* **Given information**
*** Begin section ***

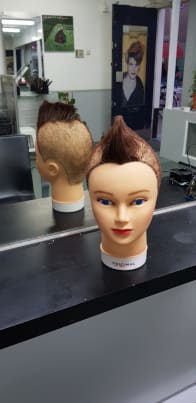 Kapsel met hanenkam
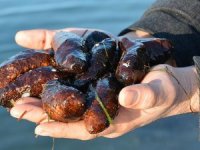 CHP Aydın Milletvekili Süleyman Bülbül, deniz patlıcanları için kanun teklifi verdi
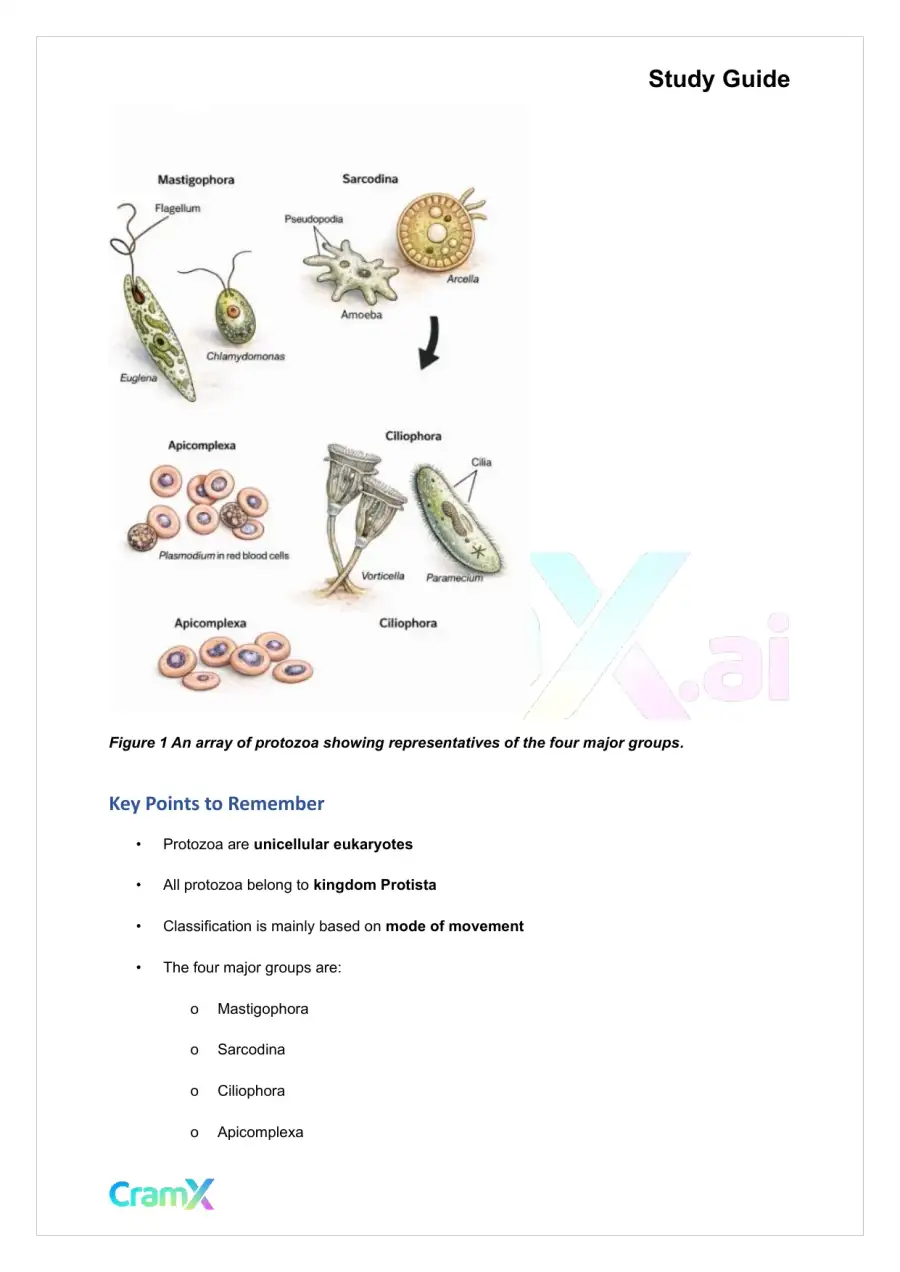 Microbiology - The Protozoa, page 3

*** End section ***

* **Exercise instructions**
Leaving the pictures out, give back each line above exactly.

* **Result for this exercise**
 Kapsel met hanenkam
 CHP Aydın Milletvekili Süleyman Bülbül, deniz patlıcanları için kanun teklifi verdi
 Microbiology - The Protozoa, page 3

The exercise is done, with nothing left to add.